We used the results of our discrimination experiment to choose a series of suprathreshold contrasts for use in the MLDS experiment, separately for each subject and condition. These were approximately equally spaced perceptually in the range where discrimination showed power-law behavior. Specifically, starting at the transition contrast (ct) defined above, we used the power-law model to estimate the increment threshold at this pedestal level. We added four times this value to ct to obtain the second contrast in the series. Using a new threshold value estimated at this second contrast we obtained a third value in the same way and repeated this until we obtained 10 contrasts or reached the maximum possible contrast. Thus, any two adjacent contrasts were approximately four threshold units apart. The spacing of contrasts is an important design question for MLDS, as it influences how confidently the observer can make the required judgments. At one extreme, very difficult judgments would lead to chance performance across all triplets and provide no information. At the other extreme, if all judgments were trivially easy, the model would not be able to estimate internal variability. To confirm that we fell between these extremes we computed for each triplet the fraction of trials in which an observer reported the second interval as larger. Grouping across all observers and conditions, we found the distribution of this empirical probability (not shown) to be quite flat, with 58% of conditions falling in the bottom and top quartiles (p < .25 or > .75). Thus there was adequate variability overall, with many conditions led to highly consistent responses.

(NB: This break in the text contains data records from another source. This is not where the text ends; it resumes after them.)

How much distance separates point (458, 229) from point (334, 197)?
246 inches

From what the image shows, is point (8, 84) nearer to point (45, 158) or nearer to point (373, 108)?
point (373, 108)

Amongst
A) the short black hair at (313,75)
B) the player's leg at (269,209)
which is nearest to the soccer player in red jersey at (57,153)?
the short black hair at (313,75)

The results of the MLDS fit are shown in
Figure 6 for Observer 1 in the achromatic condition (as in
Figure 2). The free parameters of the model include a scale value for each tested contrast, with the first and last fixed at 0 and 1. An additional parameter,
σ describes the standard deviation of constant-variance Gaussian noise added to each output. For three example contrasts,
Figure 6 shows the modeled distributions of internal responses, and diagrams how these are compared to derive a decision variable estimating which contrast difference is larger.

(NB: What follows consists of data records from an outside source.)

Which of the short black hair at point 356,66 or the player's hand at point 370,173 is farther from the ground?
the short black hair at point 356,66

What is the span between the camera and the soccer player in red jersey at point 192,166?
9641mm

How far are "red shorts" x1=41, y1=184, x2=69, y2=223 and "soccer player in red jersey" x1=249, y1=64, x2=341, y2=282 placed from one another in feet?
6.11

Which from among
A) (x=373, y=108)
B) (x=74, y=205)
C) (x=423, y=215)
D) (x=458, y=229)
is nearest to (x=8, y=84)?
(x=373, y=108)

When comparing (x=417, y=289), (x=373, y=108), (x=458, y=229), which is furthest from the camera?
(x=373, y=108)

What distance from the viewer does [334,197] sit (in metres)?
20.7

The model transducer obtained from MDLS in this case had a compressive shape similar to that obtained from the discrimination experiment. We found, however, that the modeled internal noise was larger for MLDS than for discrimination. To compare the two experiments, we scaled the discrimination model to span the same range as the MLDS model. The first transducer predicts discriminability based on the
difference between two responses, relative to the noise level
σ. It is therefore not affected by an additive offset, and can also be scaled arbitrarily given that response amplitude and noise level are scaled identically. We shifted and scaled the transducer curve to have values of 0 and 1 at the lowest and highest contrast tested in the MLDS experiment. The results are shown in
Figure 7 for the same example condition as
Figure 6. After scaling, the discrimination model had a
σ less than half that of the MLDS model. Note that the
σ values we report represent the variability of the transducer output and not that of the decision variable. Given the noise model used here, differencing two response variables leads to a distribution with twice the variance of the inputs. As MLDS relies on a difference of differences, the decision variable has four times this variance (see
Figure 6), or a standard deviation of 2σ. For discrimination (comparing just two stimuli) this would be
\(\sqrt 2 \sigma \). This difference is potentially related to a difference between the tasks, as discussed later, but mathematically it does not affect our fitted
σ values, given the model assumptions.
Transducers derived from both experiments are shown in
Figure 8 for all observers and conditions, in the same format as
Figure 7. Independent of modeled noise level, we also compared the shape of transducers using a “compression index,” defined as the level of the normalized curve at the halfway point between lowest and highest contrast. For a linear curve this would be 0.5; values greater than 0.5 indicate compressive nonlinearity. Where the MLDS experiment used an even number of contrast levels (and so lacked one at the halfway point) we used linear interpolation for this analysis.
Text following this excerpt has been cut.